Zusammenstellung: Budget Gaming PC (Stand: September 2017)

Intel Build:

Komponente Modell ungefährer Preis
Prozessor (CPU) Intel Pentium G4560, 2×3,50 GHz, boxed 80 Euro
CPU-Kühler Boxed (bei CPU enthalten) 0 Euro
Arbeitsspeicher Crucial DIMM 8GB, DDR4-2133, CL15 (CT8G4DFD8213) 60 Euro
Grafikkarte Palit GeForce GTX 1050 Ti StormX, 4GB GDDR5
oder
Sapphire Radeon RX 560 Pulse 4GD5 Aktiv
140 Euro

(130 Euro)

Mainboard Gigabyte GA-B250M-D2V 60 Euro
Netzteil Xilence Performance A+ 430 Watt 35 Euro
Festplatte Seagate BarraCuda Compute 1TB 40 Euro
Gehäuse Bitfenix Nova 30 Euro
Gesamt: 440-450 Euro


AMD Build:

Komponente Modell ungefährer Preis
Prozessor (CPU) AMD Ryzen 5 1400, 4 x 3.20GHz 150 Euro
CPU-Kühler Boxed (bei CPU enthalten) 0 Euro
Arbeitsspeicher G.Skill Value 4 DIMM 8GB, DDR4-2400, CL15-15-15-35 (F4-2400C15S-8GNS) 60 Euro
Grafikkarte Sapphire Radeon RX 560 Pulse 4GD5 Aktiv
oder
Palit GeForce GTX 1050 Ti StormX, 4GB GDDR5
130 Euro

(140 Euro)

Mainboard ASRock AB350M AMD B350 So.AM4 Dual 70 Euro
Netzteil Xilence Performance A+ 430 Watt 40 Euro
Festplatte Seagate BarraCuda Compute 1TB 40 Euro
Gehäuse Bitfenix Nova 30 Euro
Gesamt: 520-530 Euro

Gaming PC zum Preis einer Konsole?

 

Infos zur Budget Gaming PC Zusammenstellung

Dieser Guide widmet sich ganz dem Kauf von absoluter Budget Gaming Hardware. Wir wollen für Euch herausfinden, wie günstig ein Gaming PC werden kann, wenn man an allen Ecken und Enden spart! Falls Ihr selber auf die Suche gehen und die Hardware noch einmal etwas anpassen wollt, haben wir Euch zu jeder Komponente eine kurze Checkliste zusammengestellt, die Ihr einfach abhaken könnt.
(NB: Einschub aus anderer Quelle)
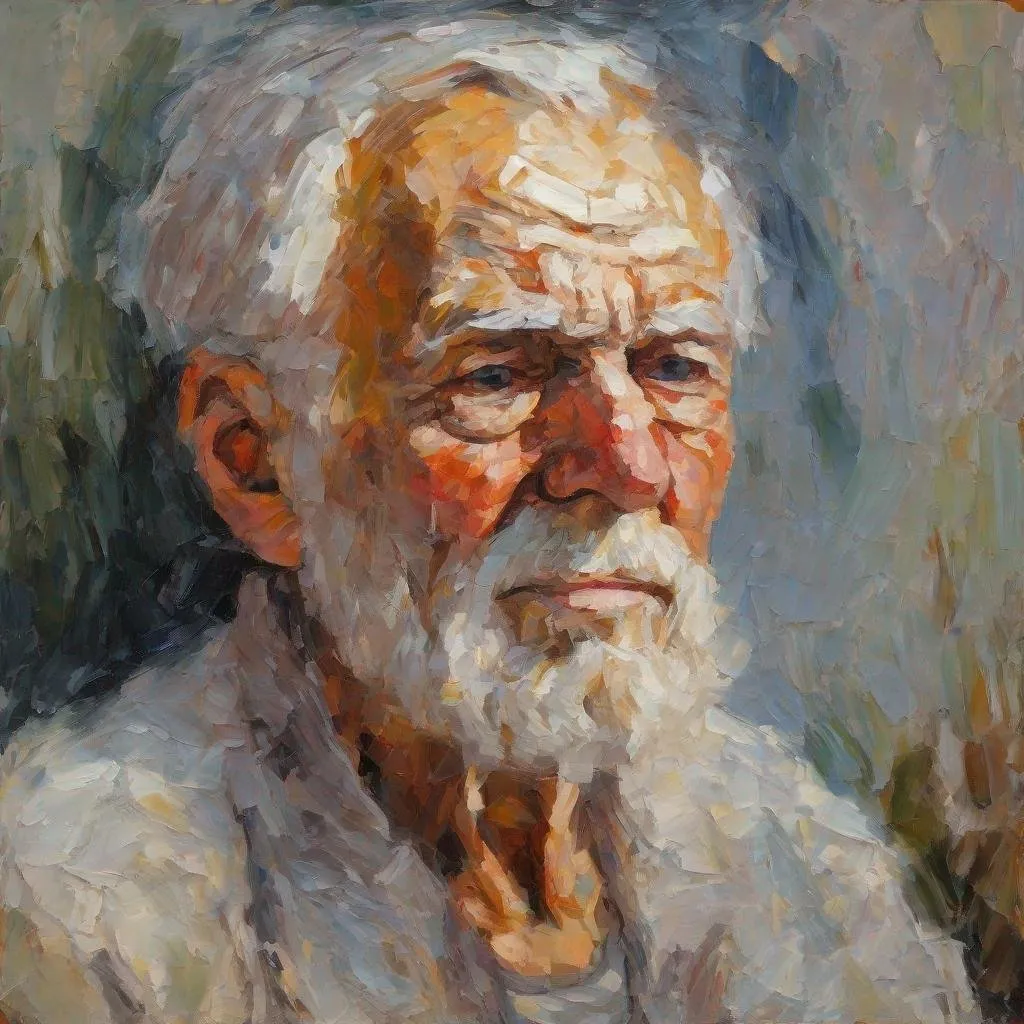 Prompt: Portrait of an old man, very thick Impasto, impressionism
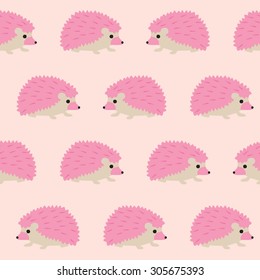 Vector Seamless Cartoon Hedgehog Background Pattern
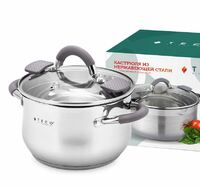 Кастрюля 6,1 л  нерж.сталь со стеклянной крышкой TECO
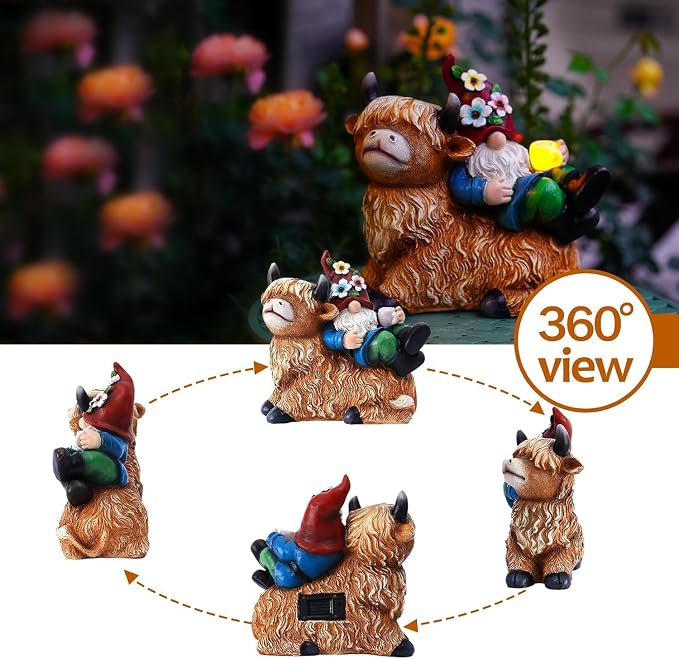Pohabery Garden Gnomes Decor Outdoor Statues Gnome on Highland Cow Hold Solar Cup Light Outdoor Decorations for Patio,Yard and Gift for Mom(L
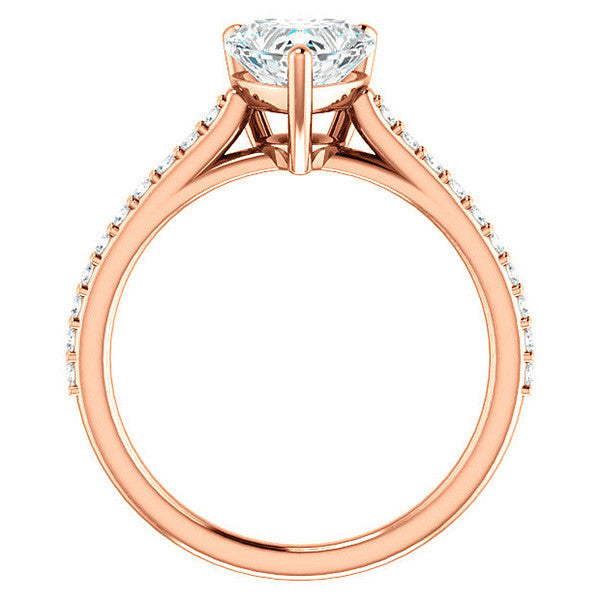 Heart shaped Accented Moissanite Engagement Ring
Wollt Ihr einmal upgraden, gilt folgende Reihenfolge:

  1. Grafikkarte
  2. Prozessor (& Kühler)
  3. Arbeitsspeicher
  4. Speicher(Festplatte/SSD)

Andere Komponenten sind nicht kritisch für die Performance und sollten je nach Upgrade angepasst werden. So kann bei einer großen Grafikkarte zum Beispiel ein leistungsfähigeres Netzteil nötig werden.

Prozessor

Intel: Intel Pentium G4560

Kaum zu glauben: Im Februar-Update hat ein Intel Pentium in unseren Budget Gaming PC Einzug gehalten. Der neue Kaby Lake-Pentium G4560 ist mit 60 Euro ein wahres Schnäppchen und liefert knapp die selbe Leistung wie der doppelt so teure Intel Core i3-6100, den er in unserem Budget-Build ersetzt. Dabei ist der Pentium G4560 als Zweikerner mit Hyperthreading vergleichbar gut ausgestattet wie der teure i3-Kumpane. Der Intel Pentium G4560 liefert, genau wie der i3-6100, solide Gaming-Ergebnisse ab. Er kann zwar nicht mit den Vierkerner Intel Core i5-Kollegen mithalten, liefert für den extrem günstigen Preis aber eine überraschend gute Leistung ab und kann damit alle aktuellen Spiele befeuern. Wer ein wenig mehr Geld investieren kann, sollte hier auf einen Vierkerner upgraden, zum Beispiel einen Intel Core i5-7500. Dieser ist deutlich zukunftssicherer, aber gut drei- bis viermal so teuer.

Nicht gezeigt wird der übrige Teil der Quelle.